### What you need to do
Every record below must be retyped exactly, with the pictures left out.

[Stored entries]
= Beginning of Section =

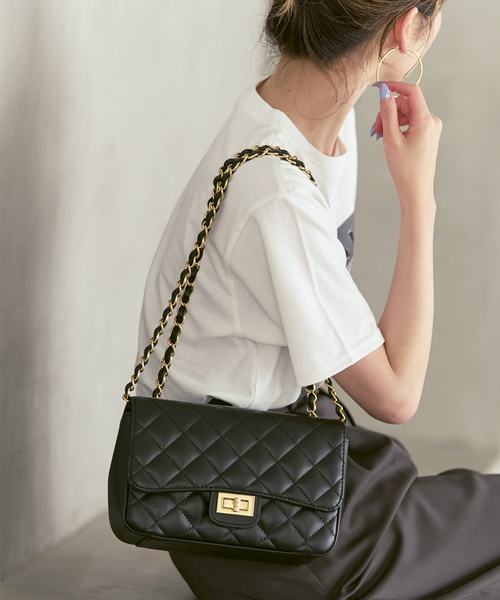 maison-vincent(メゾンヴァンサン)の「《WEB限定追加6》Maison Vincent/メゾンヴァンサン チェーンバッグ(ショルダーバッグ・レディース・ブラック/ベージュ・FREE)」の1枚目の写真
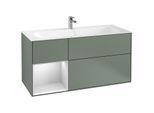 Villeroy und Boch Finion Waschtischunterschrank F060MTGM 119,6x59,1cm, Regal links White matt lacquer, Olive Matt Lacquer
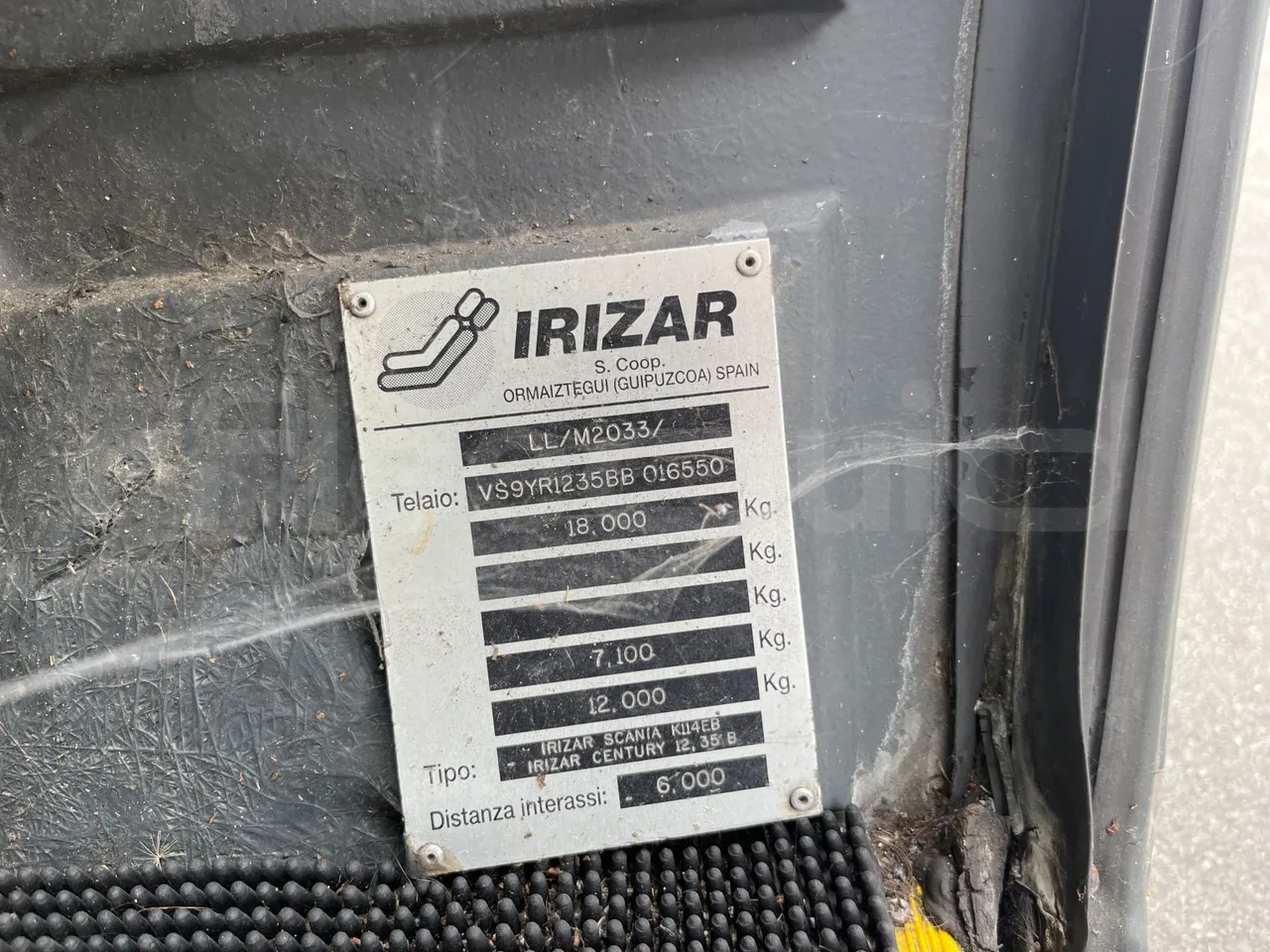 Scania Irizar Century K114EB - Euro3 - 280kW - 12mt - chassis VIN photo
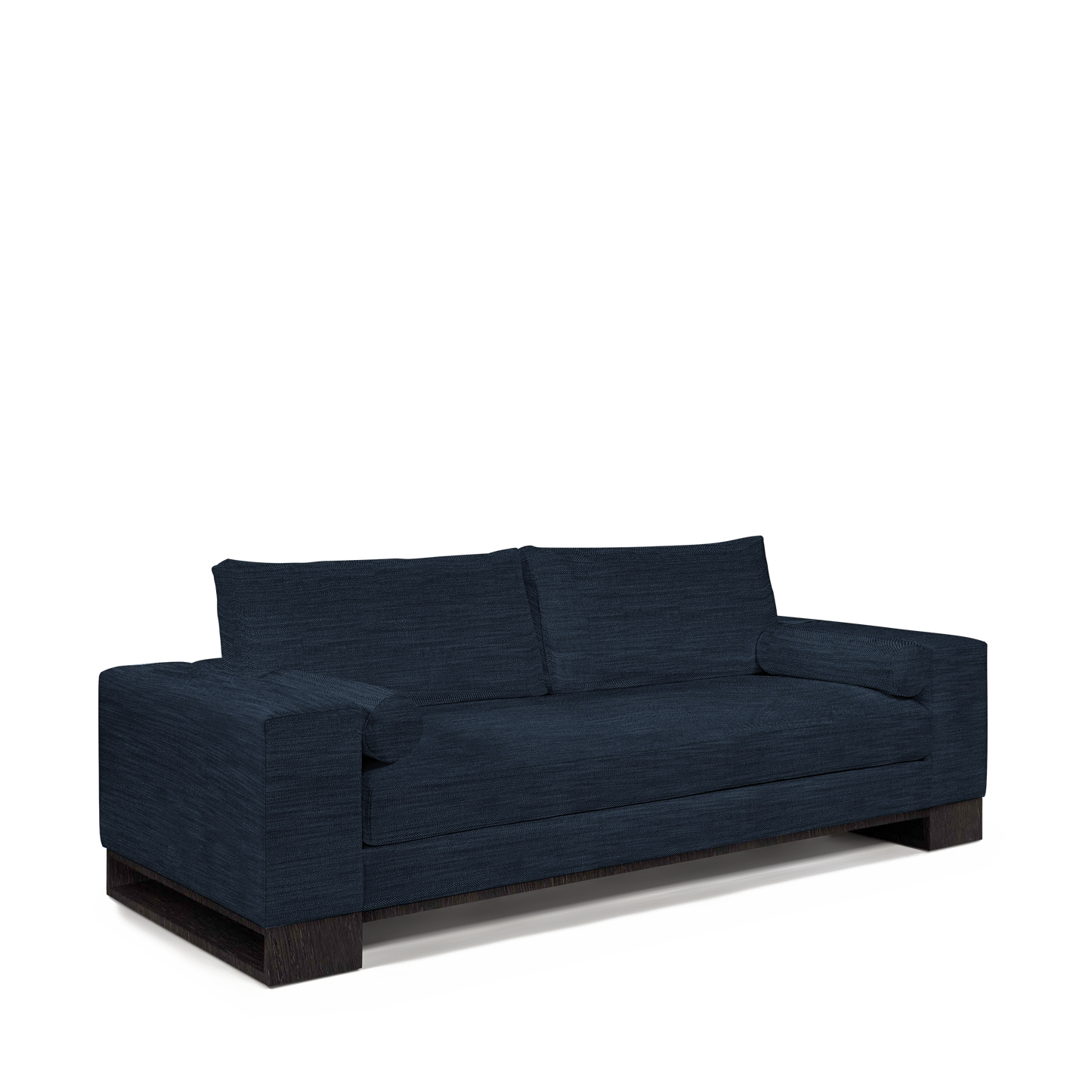 TERRA 2,5-seater sofa with rocco dark blue textile and chocolate wood legs 
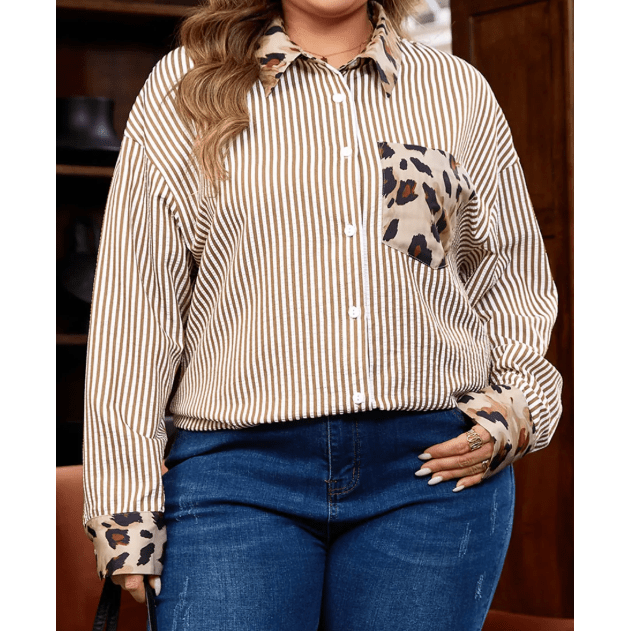 Shecora Brown Stripe Leopard Patched Collared Chest Pocket Cuffed Long Sleeve Plus Size Shirt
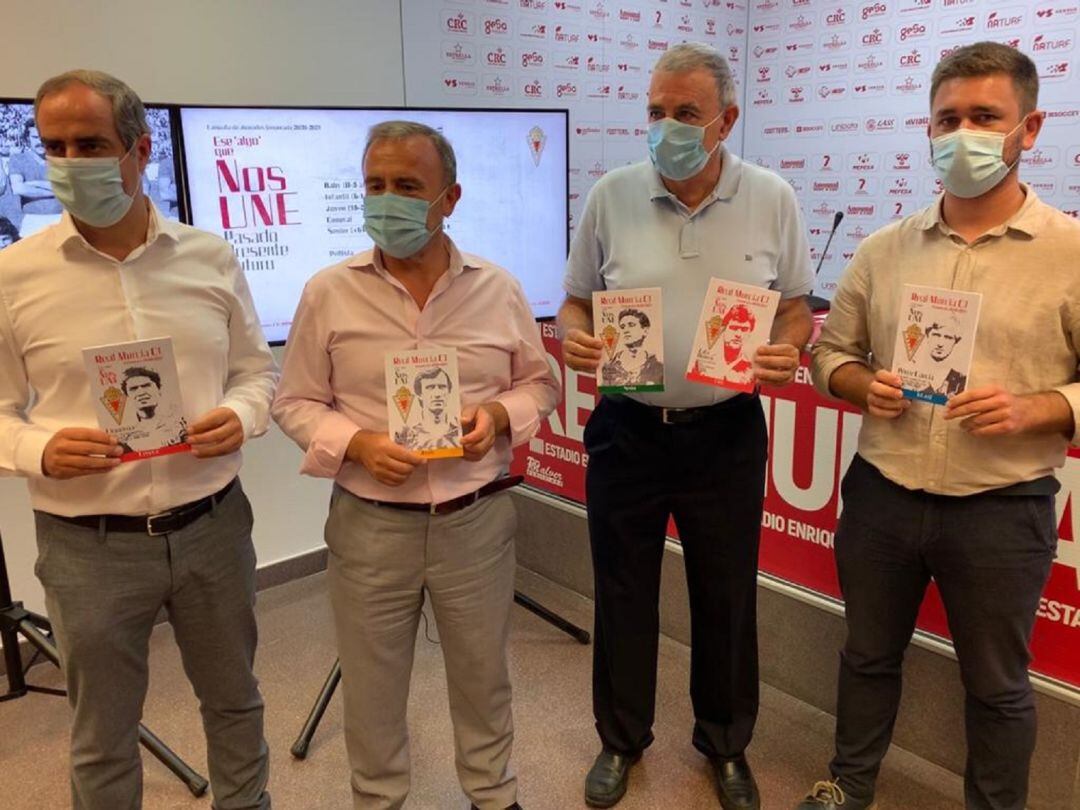 Antonio Rubio, Paco Miró, Francisco Tornel y Álvaro Ruiz en la presentación de la campaña de abonos del Real Murcia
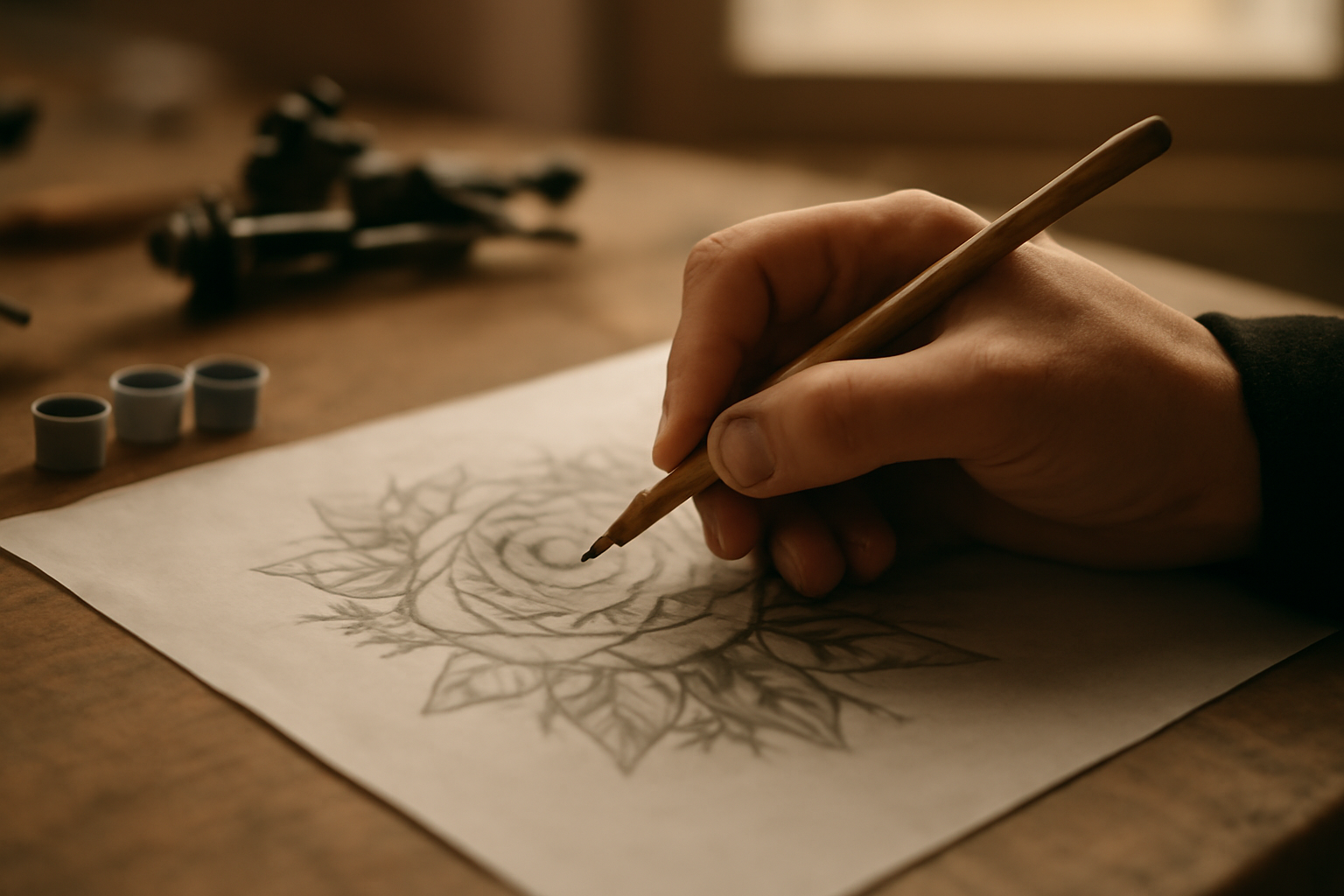 Seniman tato sedang membuat sketsa desain tato custom di atas kertas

= End of Section =

### Your solution
 maison-vincent(メゾンヴァンサン)の「《WEB限定追加6》Maison Vincent/メゾンヴァンサン チェーンバッグ(ショルダーバッグ・レディース・ブラック/ベージュ・FREE)」の1枚目の写真
 Villeroy und Boch Finion Waschtischunterschrank F060MTGM 119,6x59,1cm, Regal links White matt lacquer, Olive Matt Lacquer
 Scania Irizar Century K114EB - Euro3 - 280kW - 12mt - chassis VIN photo
 TERRA 2,5-seater sofa with rocco dark blue textile and chocolate wood legs 
 Shecora Brown Stripe Leopard Patched Collared Chest Pocket Cuffed Long Sleeve Plus Size Shirt
 Antonio Rubio, Paco Miró, Francisco Tornel y Álvaro Ruiz en la presentación de la campaña de abonos del Real Murcia
 Seniman tato sedang membuat sketsa desain tato custom di atas kertas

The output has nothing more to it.